Dalam konteks fiskal, Indonesia perlu meningkatkan kualitas belanja negara. Dengan menjaga defisit anggaran di bawah tiga persen, pemerintah harus memastikan bahwa setiap anggaran yang dikeluarkan memberikan efek pengganda yang besar bagi perekonomian. Anggaran ini perlu dialokasikan pada sektor-sektor yang mendukung kesejahteraan sosial, seperti pendidikan, kesehatan, dan perlindungan sosial.

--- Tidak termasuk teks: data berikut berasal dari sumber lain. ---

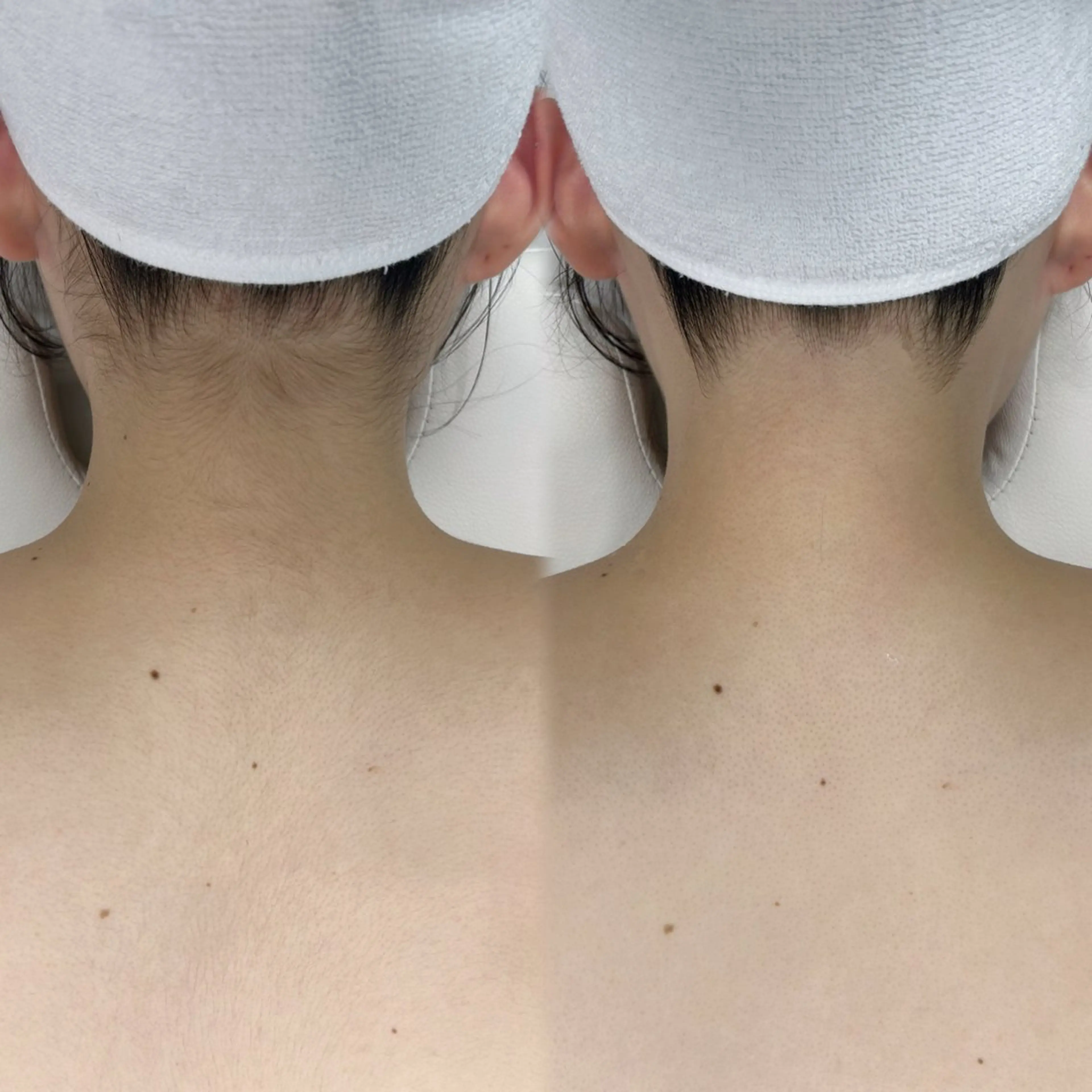 脱毛 かんな🤍 眉毛/脱毛の眉毛・アイブロウイメージ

Memanfaatkan Kesempatan Relokasi Produksi Global

Ketegangan perdagangan antara AS dan China sebenarnya membuka peluang besar bagi Indonesia untuk menarik investasi langsung asing (FDI), khususnya di sektor manufaktur yang berorientasi ekspor. Banyak perusahaan yang mulai merelokasi basis produksi mereka dari China ke Asia Tenggara untuk menghindari tarif AS. Bagi Indonesia, ini merupakan kesempatan emas untuk memperkuat sektor industri dengan investasi yang menghasilkan devisa dan memperbaiki neraca perdagangan tanpa tekanan besar pada stabilitas rupiah.


Namun, untuk menarik investasi ini, Indonesia perlu memperbaiki iklim usaha dan investasi. Ini bisa dilakukan dengan mengurangi kendala birokrasi, mempercepat perizinan, serta memberikan kepastian hukum yang lebih baik. Jika momentum ini dimanfaatkan dengan baik, investasi di sektor riil bisa menjadi salah satu kunci pendorong pertumbuhan ekonomi Indonesia di tengah tantangan global.

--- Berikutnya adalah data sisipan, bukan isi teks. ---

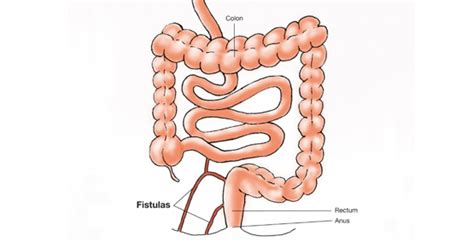 SURGERY BECAUSE OF A FISTULA IN CROHNS DISEASE Nutrition 4 IBD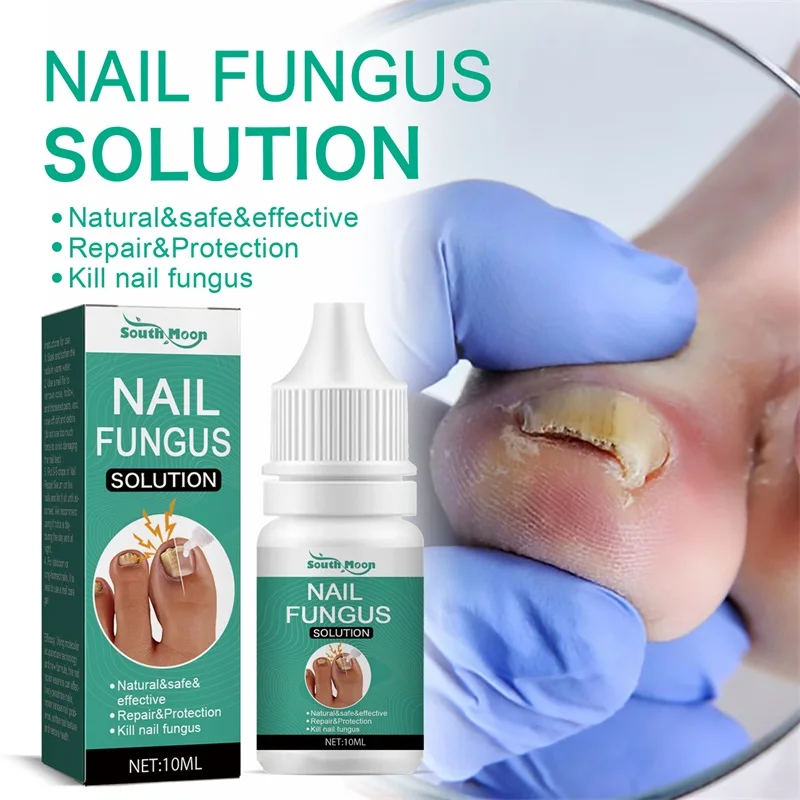 Organic Fungus Nail Repair Essence Toe nail Fungus Remover Treatment Solution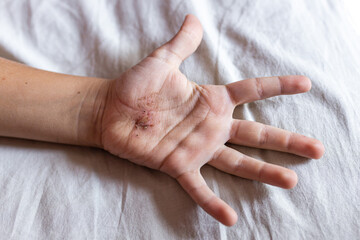 Red wound on the palm or arm after a burn or fall. First aid for treating wounds. Treatment of...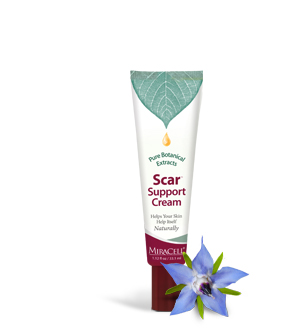 scar support cream bottle next to blue flower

Kembalinya Trump ke Gedung Putih memang membawa serangkaian tantangan baru, seperti peningkatan proteksionisme, ketidakpastian kebijakan moneter, dan mundurnya komitmen AS terhadap perubahan iklim. Namun, situasi ini juga menawarkan peluang bagi Indonesia untuk menjadi mitra dagang yang lebih signifikan bagi negara-negara yang terdampak oleh proteksionisme AS.


Dalam situasi ekonomi global yang penuh tantangan ini, Indonesia perlu bergerak cepat. Di satu sisi, kita harus berupaya menjaga stabilitas dalam negeri dengan kebijakan yang bijak dan berfokus pada pertumbuhan inklusif. Di sisi lain, kita perlu agresif menarik peluang investasi dan meningkatkan daya saing di pasar internasional. Di bawah tekanan ekonomi global, ketahanan ekonomi Indonesia bergantung pada kemampuan kita memanfaatkan momentum dan menjadikan tantangan sebagai peluang.